The evidence of that comes from Alberta, which in late 2016 launched the two-year Alberta limited legal services project. It was designed to encourage lawyers and the public to consider using “limited scope retainers” when clients either can’t afford or don’t want full retainer counsel. By the end of the pilot project, 60 lawyers had joined the roster. Fifty of them were family law practitioners.
A followup study on the Alberta pilot by John-Paul Boyd for the Canadian Research Institute for Law and the Family found that 87.6 per cent of clients were satisfied or very satisfied with the coaching and unbundled services their lawyers provided. “That’s a high level of satisfaction,” notes Lowenberger. The model was good for lawyers as well. “In terms of the lawyers’ experiences with unbundling, the report found 91.7 per cent of lawyers in the project were strongly satisfied or satisfied with providing unbundled services.” Ninety per cent indicated they would continue to offer coaching and unbundled services.
As the person responsible for family law policy development, Kim Newsham, senior Crown counsel with Saskatchewan’s Family Justice Services, is trying to recruit more lawyers in the province to offer such services. A former Crown counsel, she says she is fascinated by what the new model can do for Saskatchewanians.

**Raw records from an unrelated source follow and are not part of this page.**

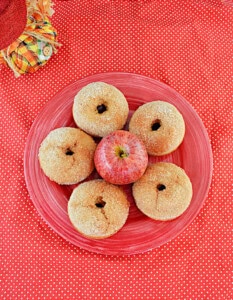 A plate of donuts with an apple in the middle.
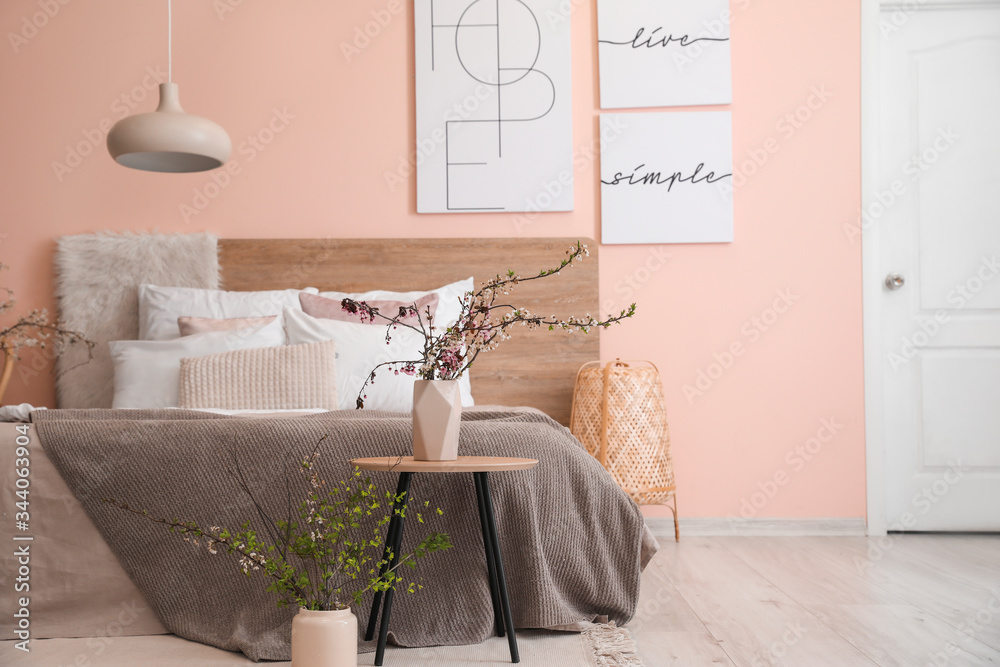 Interior of beautiful modern bedroom with spring flowers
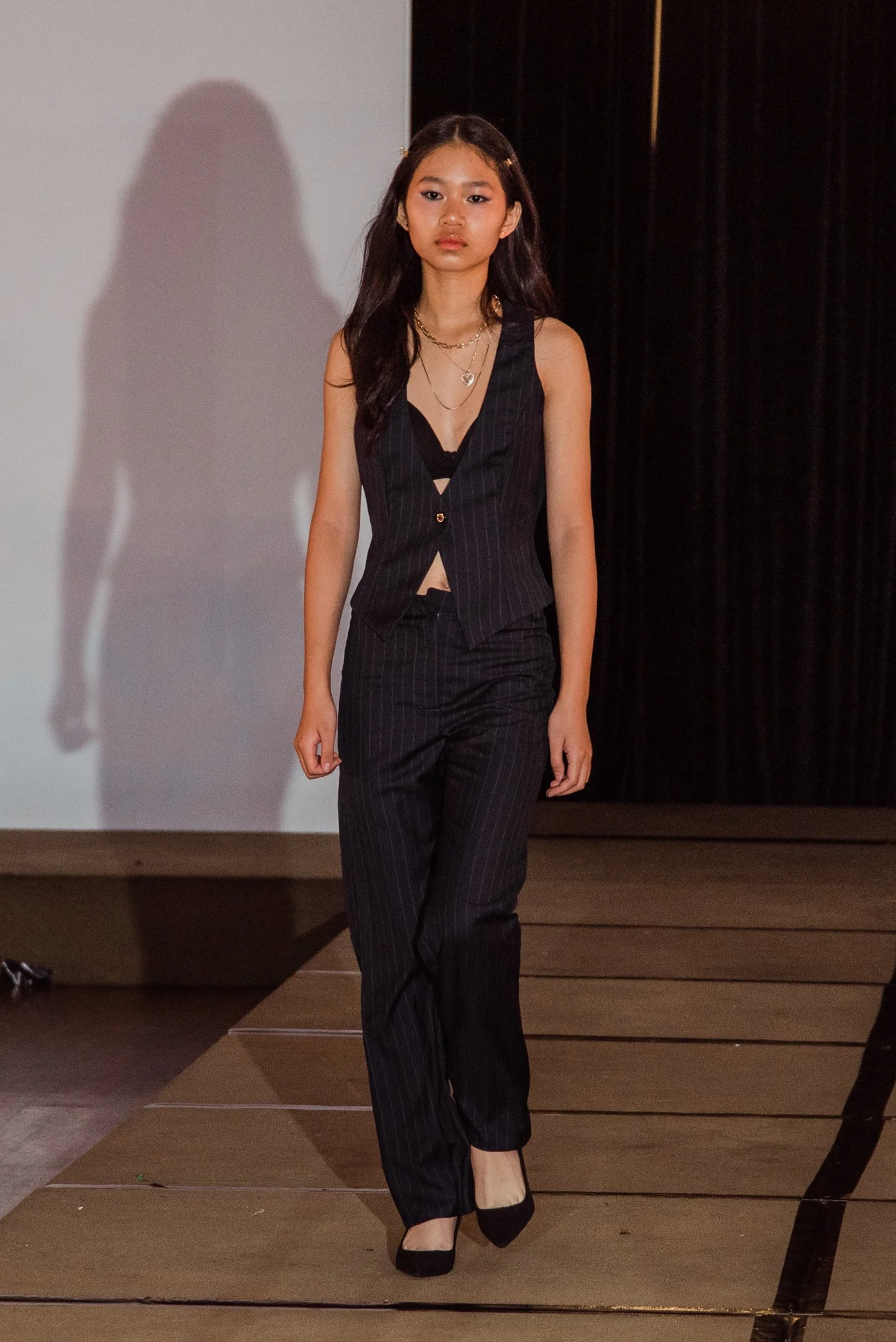 A young woman walking on stage in black pinstripe suit, black heels, and gold jewelry, with a neutral expression.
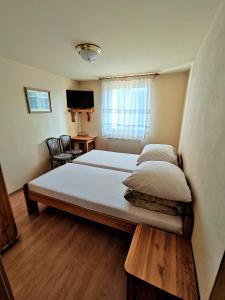 Heľpa卢卡斯旅馆的一间卧室设有两张床、一张桌子和一个窗口。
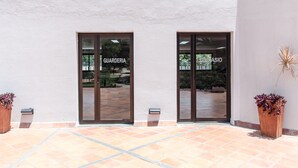 A building entrance with two glass doors labeled "GUARDERIA" and "SIMCASIO".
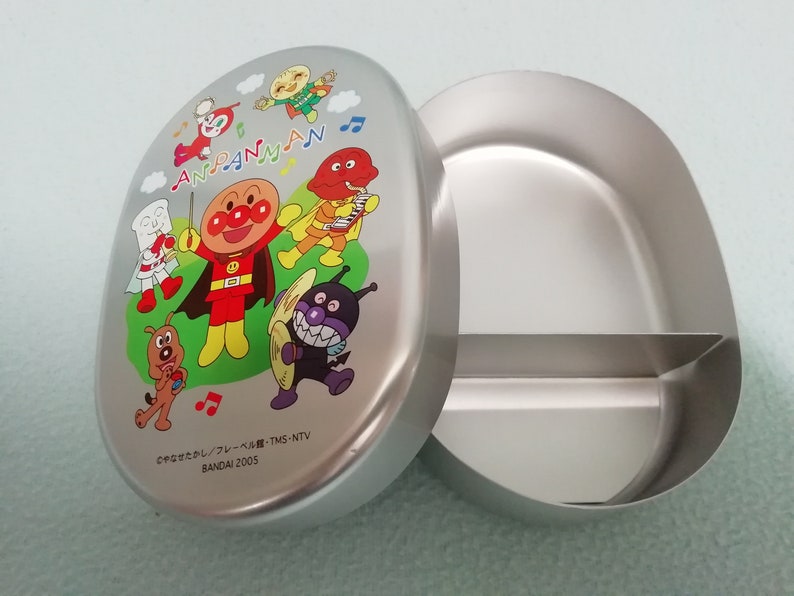 Puede incluir: Una fiambrera de Anpanman plateada con un compartimento dividido. La tapa presenta una ilustraci&oacute;n colorida de Anpanman y sus amigos tocando m&uacute;sica. El texto en la tapa dice "Anpanman" y "BANDAI 2005".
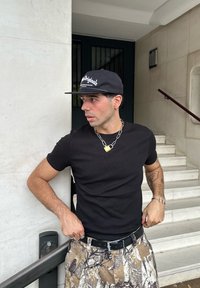 T-shirt preto ajustado, calças de camuflagem com padrão, e um boné preto com texto branco. Colar de corrente prateada com um cadeado amarelo.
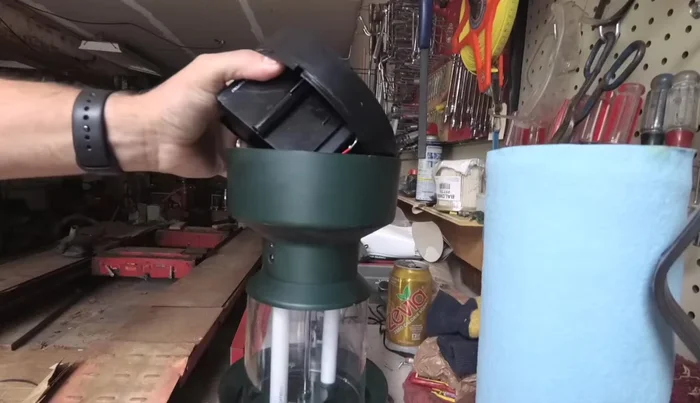 Carefully pry the battery pack from the base. It's held in place by adhesive. Use a flat object to pry gently from behind, avoiding damage to the lantern.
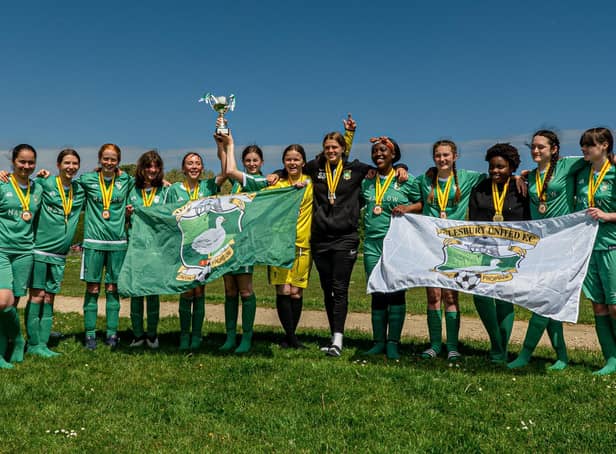 Aylesbury United Girls Under 14s Greens celebrate with their medals and  Division 2 trophy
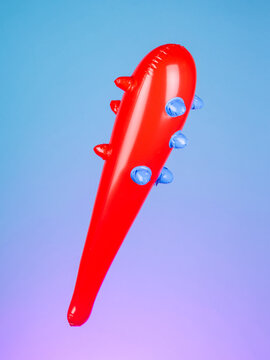 Close-up of an inflatable stick with a spiked inflatable club on a purple background, emphasizing its rugged and playful design.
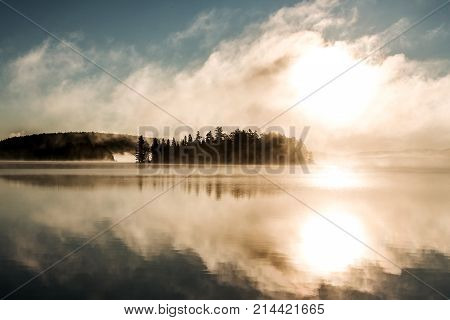 Lake of two rivers in algonquin national park ontario canada sunset sunrise with fog foggy mystical atmosphere background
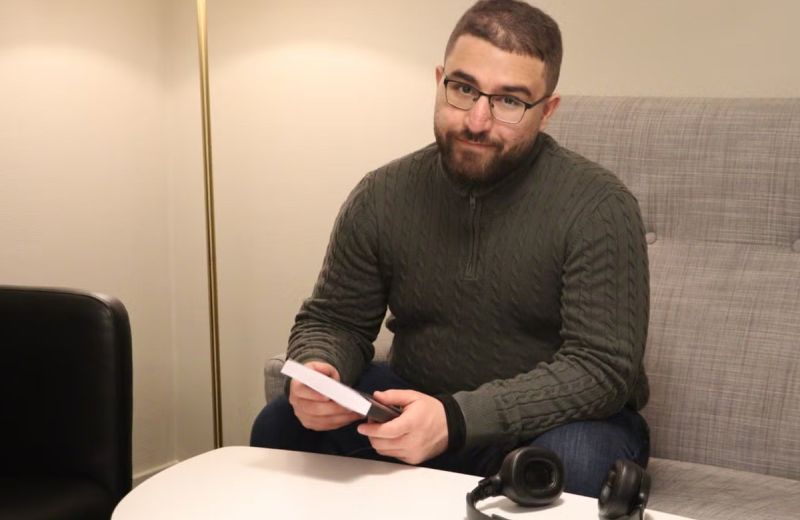 Albaraa Abdulrahman sitter i en soffa vid ett runt vitt bord och håller i sin bok. Han har glasögon, mörkgrön stickad tröja och jeans. På bordet ligger ett par hörlurar.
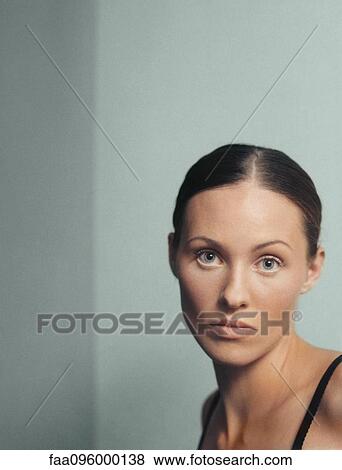 Stock Photo - Woman looking at camera, portrait. Fotosearch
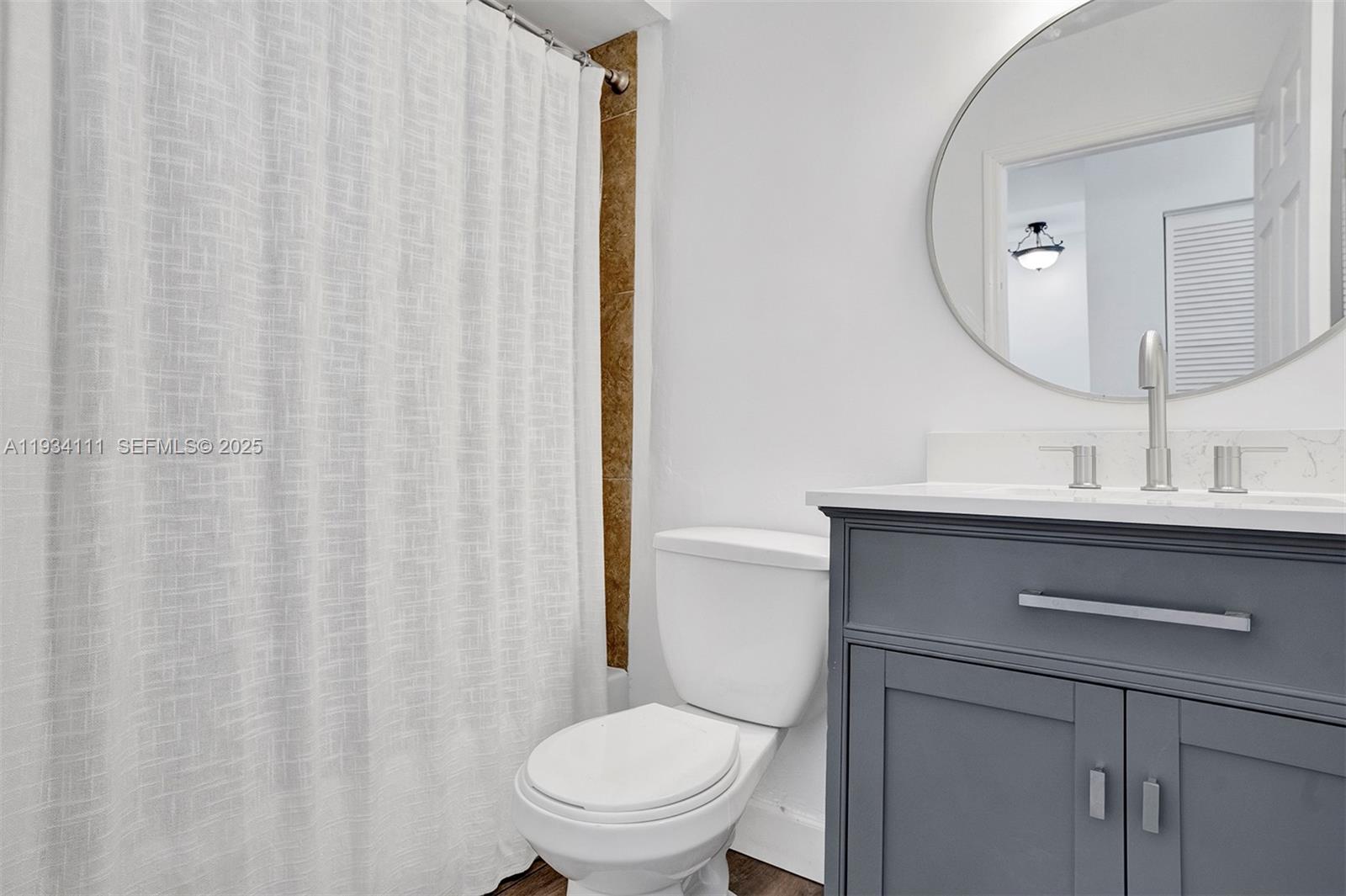 20985 Southwest 84th Avenue Cutler Bay, FL 33189 - Photo 31 of 36 a bathroom with a toilet a sink and a mirror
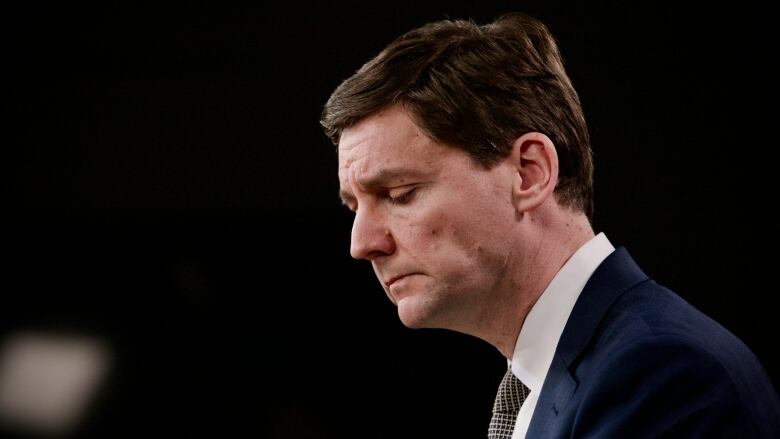 A white man wearing a suit looks down during a news conference.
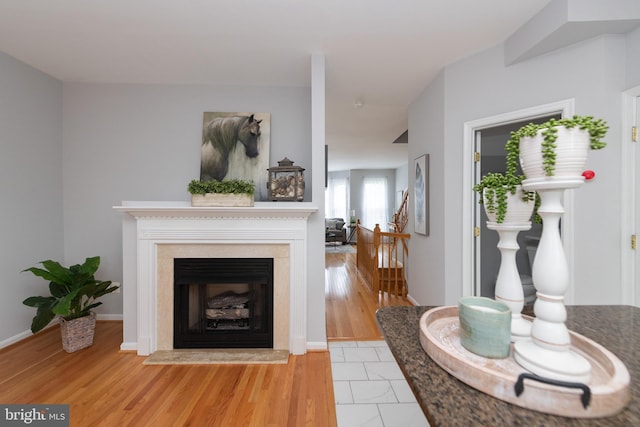 20976 Kittanning Ln, Ashburn, VA 20147 - living area with a fireplace and light wood-type flooring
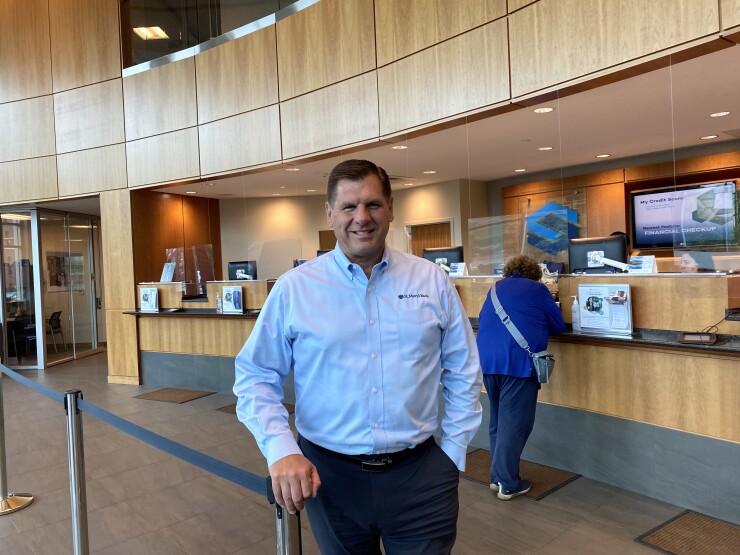 Ken Senus, CEO of St. Mary's Bank, in the branch at headquarters.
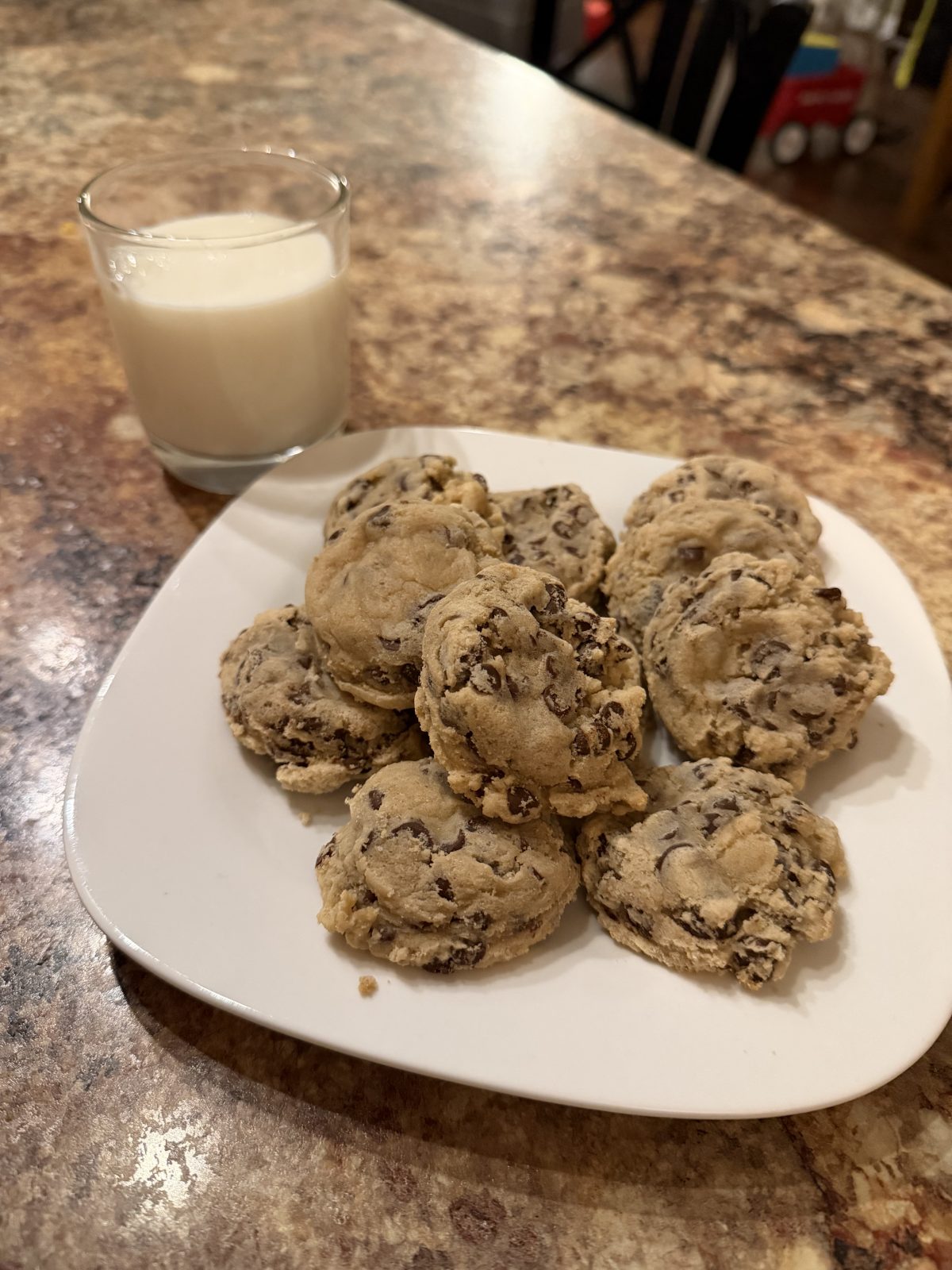 A white plate with several chocolate chip cookies sits on a marbled countertop next to a glass of milk.
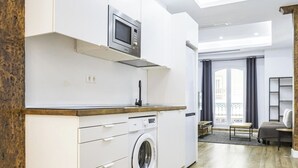 A modern kitchen with a built-in washing machine, a microwave, and a sink. - Perfect destination in the historic center (Málaga)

“I used to be in private practice and I remember how frustrating traditional practice can be, because the whole of the success or failure of a file usually rests completely on the lawyer’s shoulders.” Unbundling and legal coaching, she says, is a “far more client-responsible and client-invested kind of practice.”
If lawyers are worried this new model might siphon off some of their potential billing hours, Newsham disagrees. A recent national study of family law lawyers found that the estimated average clients paid for legal services for low-conflict disputes was $12,395 excluding disbursements. But in the Boyd study, Newsham points out, 78.2 per cent of Albertans who used coaching and unbundling paid less than $1,000 for legal help.
“In our minds,” says Newsham, that affordability factor “will actually encourage people to go see lawyers more often.”